En temas de salud ambiental, hay que prestarle suma atención a lo vinculado a la contaminación sonora.
Desde hace muchas décadas, esta amenaza paradojalmente “silenciosa” ha comprometido la salud de muchas personas. La pérdida de la audición siempre se había considerado un problema propio de los adultos mayores; resultado del proceso natural de envejecimiento. Pero, con la irrupción al mercado de los equipos reproductores de música personales, el uso de los auriculares capaces de concentrar el audio en los oídos a volúmenes muy altos, así como los elevadísimos decibeles que desde hace décadas caracterizan a los locales bailables y a los recitales en vivo, el problema se trasladó a los jóvenes, hasta entonces poseedores de oídos muy sanos.
Cuando aparecen las primeras señales de problemas auditivos suelen no dársele importancia, como si se tratara de hechos pasajeros y casuales.
Aunque hablamos de un sentido clave para disfrutar de una buena calidad de vida, viene siendo maltratado debido a imposiciones sociales o gustos por entretenimientos que descuidan llamativamente su salud.
Desde luego existen otras circunstancias vinculadas a los sonidos que pueden resultar muy dañinas para la salud, como los ruidos molestos de vecindad que impiden conciliar el sueño nocturno. Sus consecuencias siempre provocan deterioro de la salud.
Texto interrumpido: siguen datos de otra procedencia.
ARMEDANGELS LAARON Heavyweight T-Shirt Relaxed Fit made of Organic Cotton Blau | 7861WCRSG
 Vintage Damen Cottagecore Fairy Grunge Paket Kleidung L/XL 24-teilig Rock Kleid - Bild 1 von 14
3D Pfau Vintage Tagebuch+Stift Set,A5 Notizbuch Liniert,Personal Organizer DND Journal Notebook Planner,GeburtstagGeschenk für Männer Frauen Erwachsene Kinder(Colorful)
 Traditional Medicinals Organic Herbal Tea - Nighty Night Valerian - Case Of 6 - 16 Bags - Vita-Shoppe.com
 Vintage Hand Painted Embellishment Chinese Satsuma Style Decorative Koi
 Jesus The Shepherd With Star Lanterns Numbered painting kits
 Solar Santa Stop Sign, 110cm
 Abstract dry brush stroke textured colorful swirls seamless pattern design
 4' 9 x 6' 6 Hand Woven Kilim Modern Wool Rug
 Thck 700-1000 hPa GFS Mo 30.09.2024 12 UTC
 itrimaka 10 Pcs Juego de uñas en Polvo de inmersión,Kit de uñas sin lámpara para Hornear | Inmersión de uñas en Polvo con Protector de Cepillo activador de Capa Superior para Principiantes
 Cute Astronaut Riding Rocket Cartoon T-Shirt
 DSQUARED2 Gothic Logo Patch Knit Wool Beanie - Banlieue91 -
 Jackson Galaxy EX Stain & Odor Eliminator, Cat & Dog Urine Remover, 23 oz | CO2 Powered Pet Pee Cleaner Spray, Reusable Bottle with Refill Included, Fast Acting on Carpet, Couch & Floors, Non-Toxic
¿Por qué el impacto del ruido parece tomarse tan a la ligera en todos los ámbitos, ni siquiera cuando depende de nuestras propias conductas? Vayamos al principio. La defensa de este derecho individual no se aborda en los programas del sistema educativo, desde el contemplado para los más pequeños hasta los mayores, como si el problema no existiera.
Días atrás, en las páginas de este diario, se publicó un artículo de The New York Times sobre la pérdida auditiva oculta. Un mal que hasta hace poco ni se conocía. Se trata de una de las consecuencias de la contaminación sonora que nos apremia cada vez más, sin percatarnos de ello.
Esta condición frecuente en nuestra vida cotidiana consiste en que en determinada circunstancia escuchamos sonidos en un entorno un tanto ruidoso, pero tenemos dificultad para entenderlos. Al parecer, las neuronas que responden a ruidos fuertes son las primeras en dañarse, obligando a las que lo hacen a que sonidos suaves actúen. Si así ocurre, envían mensajes confusos al cerebro.
Lo que el conocimiento actual nos advierte es que muchas de las sorderas, en todos sus niveles etarios, pueden evitarse o retrasarse.
Implica un cambio cultural que conduce simplemente a cuidar nuestros oídos todos los días, alejándose de ruidos y sonidos perjudiciales. El hecho de no sentir una sensación dolorosa no significa que no dañe.
Por alguna razón inexplicable, nuestro derecho al silencio (ausencia de sonidos que no deseamos escuchar) casi nunca ha sido reivindicado y defendido por nadie. Pero tampoco, nos han enseñado a valorar la salud de nuestro sentido de la audición, evitando sonidos estridentes o exagerados que sentimos excesivos para nuestros oídos. No deberíamos ver diversión o placer en ello.
Hay mucho camino por recorrer para revertir esta tendencia tan negativa.